代官という長崎の有力者の保護を受けていた教会でしたが、江戸幕府の体制が確立していく中で、しだいにキリシタン弾圧が厳しくなり、サント・ドミンゴ教会は1614年の禁教令で、建設からわずか5年で破壊されます。他の教会施設も次々に破壊され、多くの宣教師が殉教しました。
サント・ドミンゴ教会の跡地は、長崎代官の末次氏の屋敷となり(17世紀中期~後期)、さらに末次氏失脚後は、同じく代官職についた高木氏が屋敷を構え(18~19世紀)、約三百数十年にわたり長崎代官屋敷として利用されました。遺構からは食器類などその時代の品々も大量に出土しています。

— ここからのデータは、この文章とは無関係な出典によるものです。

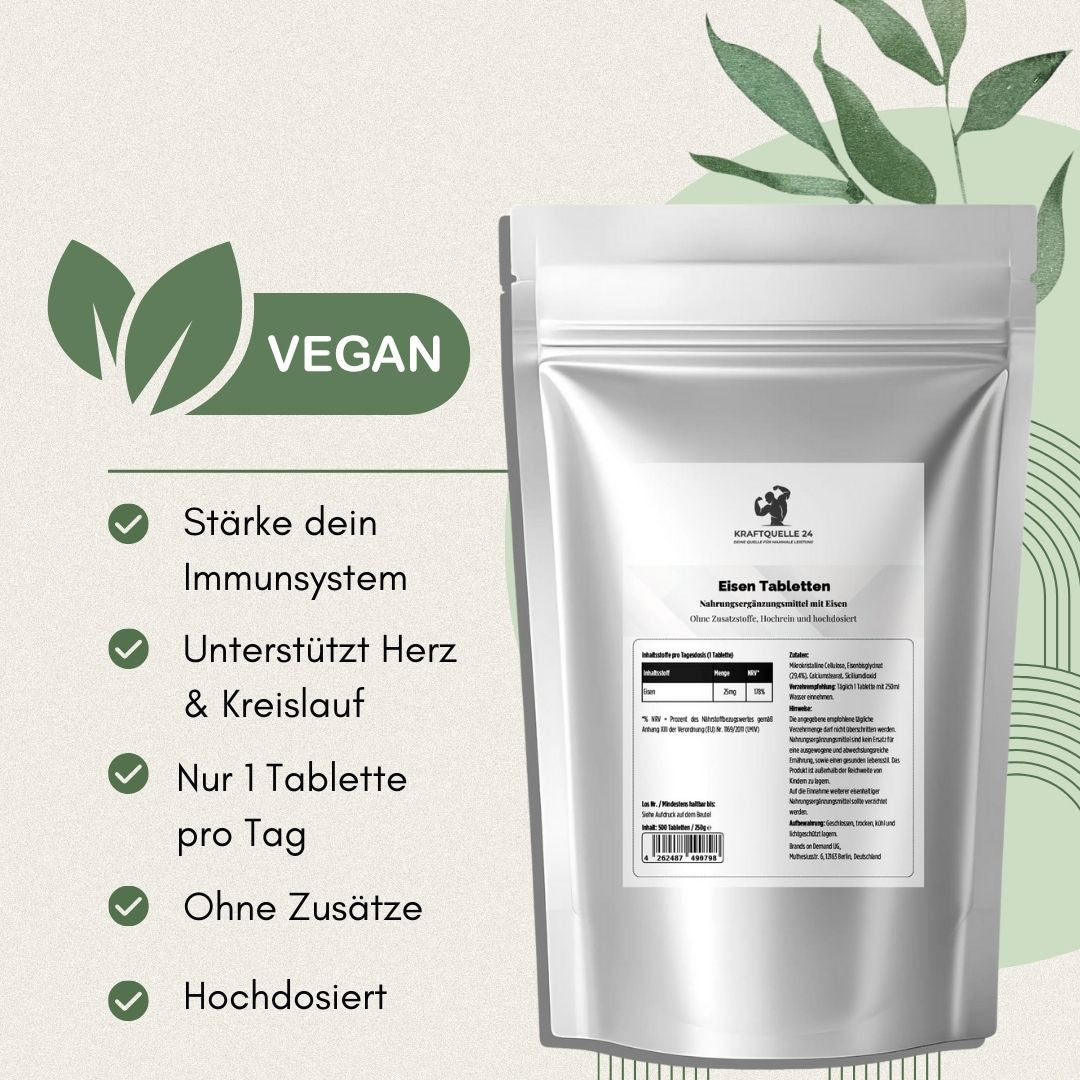 25mg Eisen Bisglycinat - 500 Tabletten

ところで、「サント・ドミンゴ教会跡資料館」の歴史をひもとくにあたり、重要な人物のひとりとしてあげられるのが、先に登場した代官の村山等安です。等安はキリシタンであることなどを幕府に訴えられ失脚するのですが、それを訴えたのは、次に代官となったが末次平蔵でした。平蔵は朱印船貿易で財をなしていた博多出身の豪商で、南蛮貿易で莫大な富みを権力を得ていた等安との間に確執と争いがあったのではないかといわれています。
等安に関してもっと知りたい方は、「長崎代官村山等安~その愛と受難」(小林幸枝著/聖母の騎士社)がおすすめです。この本は、「サント・ドミンゴ教会跡資料館」の整備にあたり、参考資料としておおいに活用されたそうです。